▸ **Assigned task**: Nothing but the lines below from the one holding "QSL - QTH - Funkkarte" up to and including the one holding "Qing Dynasty Puba" should be copied, exactly and without pictures.

+++ Source information

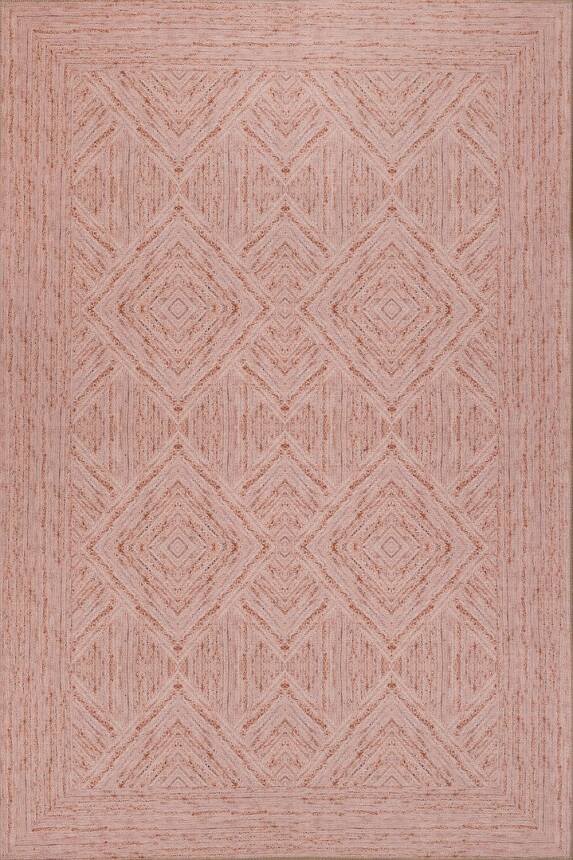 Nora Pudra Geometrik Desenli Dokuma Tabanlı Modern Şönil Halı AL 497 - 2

++++++
+++ Source information

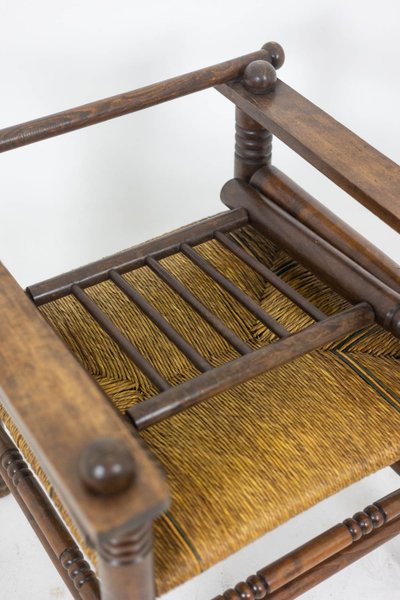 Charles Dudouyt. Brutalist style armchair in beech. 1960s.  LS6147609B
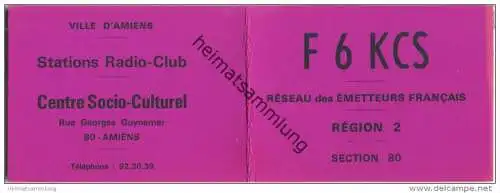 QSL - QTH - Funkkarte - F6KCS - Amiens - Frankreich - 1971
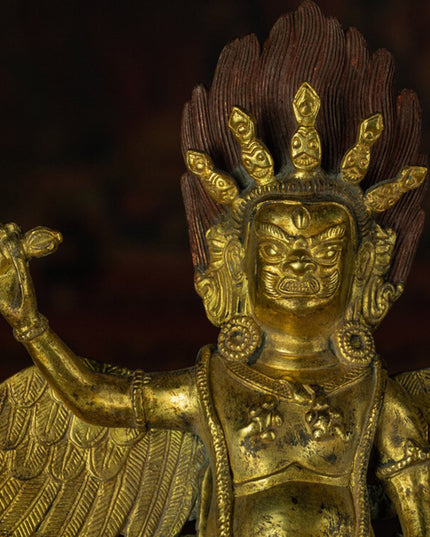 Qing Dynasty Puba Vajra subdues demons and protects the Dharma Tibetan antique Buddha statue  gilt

++++++
+++ Source information

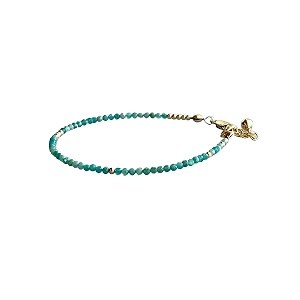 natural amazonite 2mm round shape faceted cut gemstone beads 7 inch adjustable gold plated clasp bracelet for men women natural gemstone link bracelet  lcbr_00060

++++++

▸ **Answer box**:
 QSL - QTH - Funkkarte - F6KCS - Amiens - Frankreich - 1971
 Qing Dynasty Puba Vajra subdues demons and protects the Dharma Tibetan antique Buddha statue  gilt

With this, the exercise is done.